Transcribe the entries below exactly, starting with the line that has "Xiaomi Hesap Oluşturamama Sorunu" and stopping after the line that has "Town Hall Woerden By Cepezed - Sheet9"; no pictures belong in the copy.

Source data →
○ ○ ○

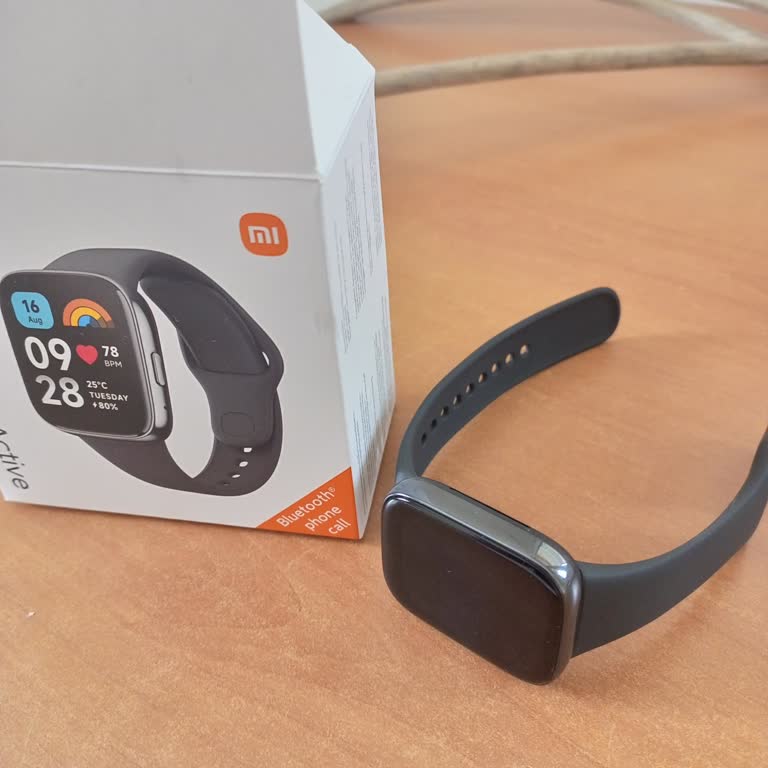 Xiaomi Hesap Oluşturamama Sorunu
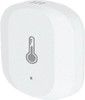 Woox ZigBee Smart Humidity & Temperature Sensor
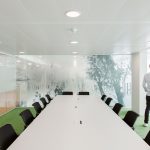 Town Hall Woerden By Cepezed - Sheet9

○ ○ ○

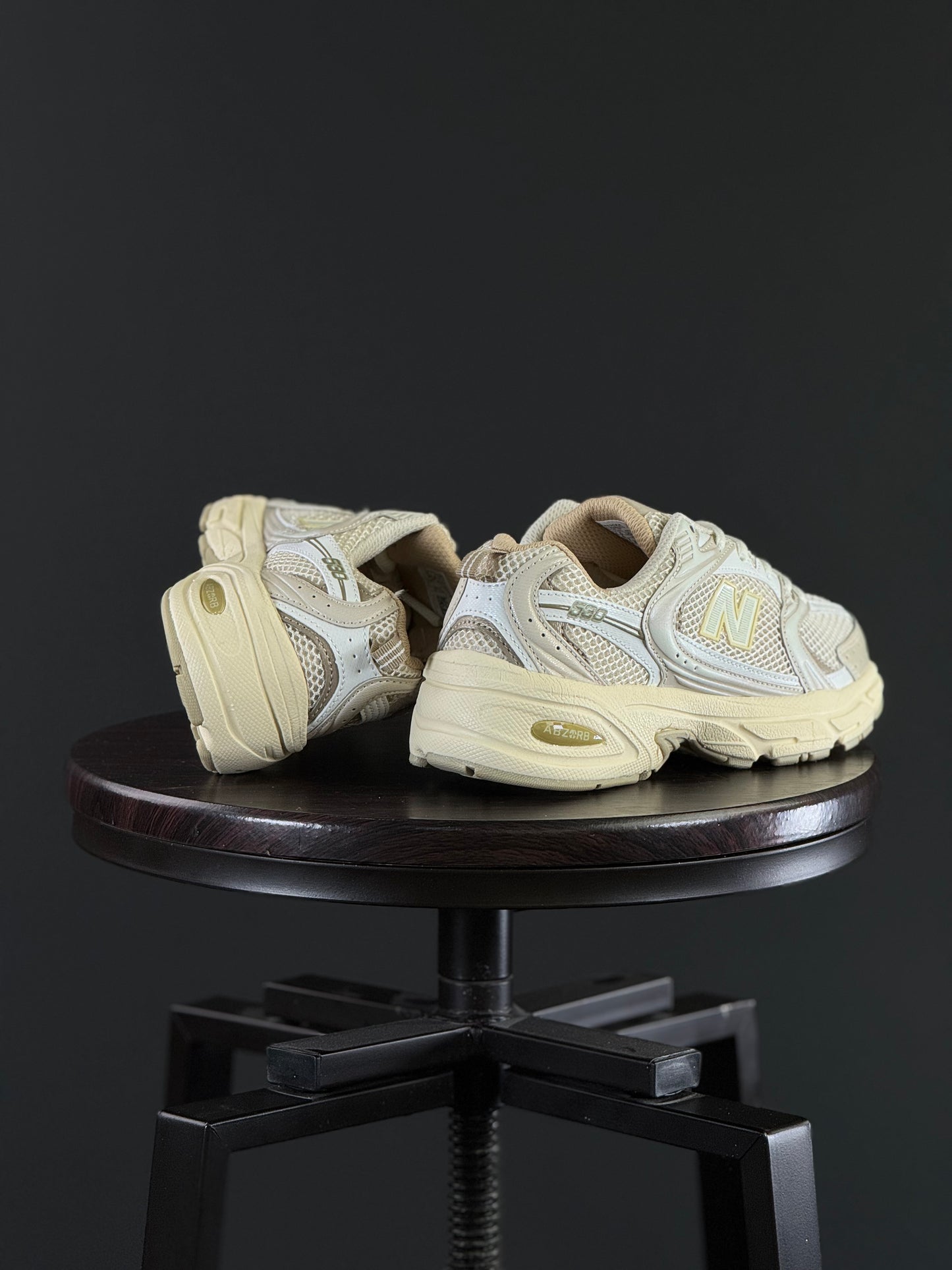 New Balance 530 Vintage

○ ○ ○

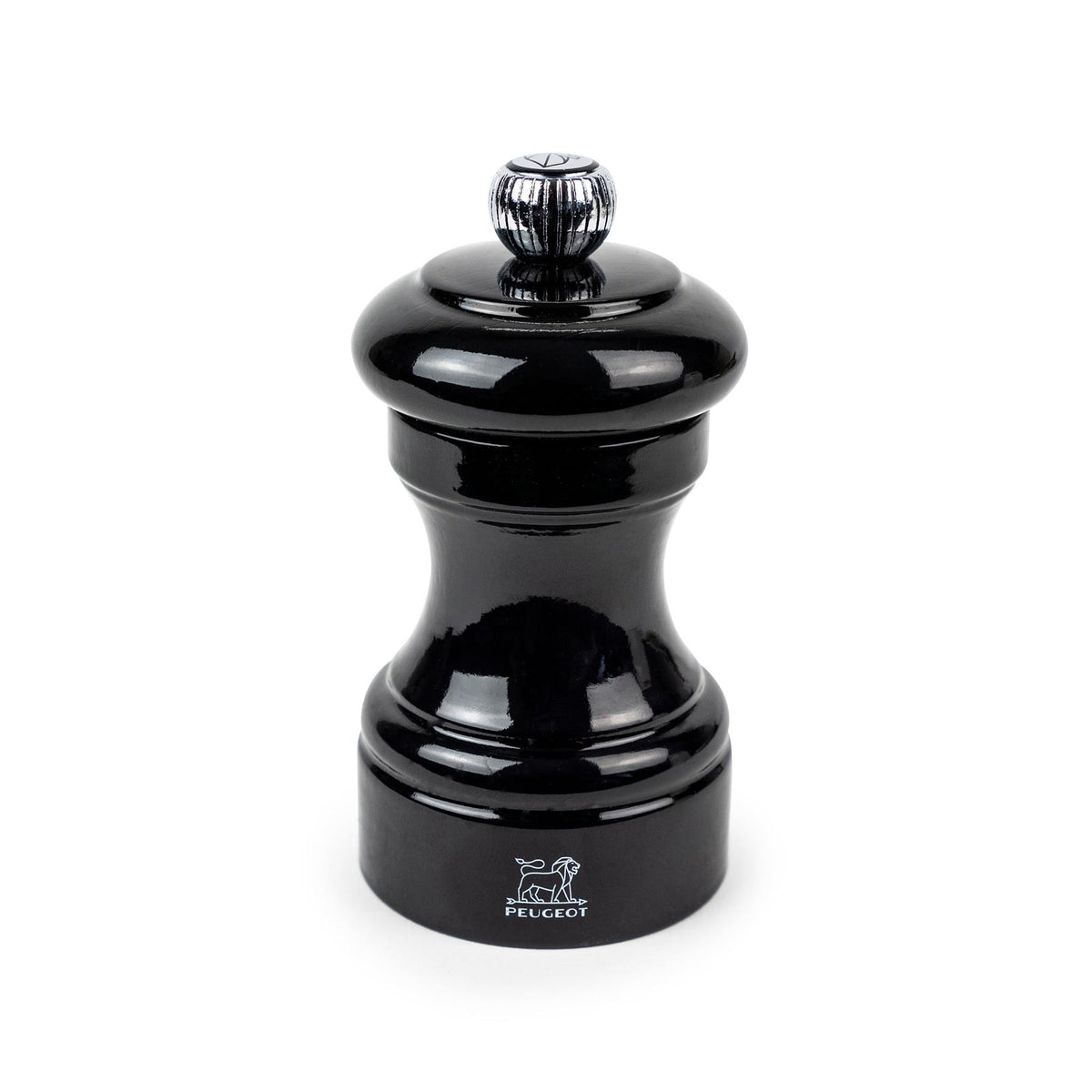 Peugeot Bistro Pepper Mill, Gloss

○ ○ ○

Solution →
 Xiaomi Hesap Oluşturamama Sorunu
 Woox ZigBee Smart Humidity & Temperature Sensor
 Town Hall Woerden By Cepezed - Sheet9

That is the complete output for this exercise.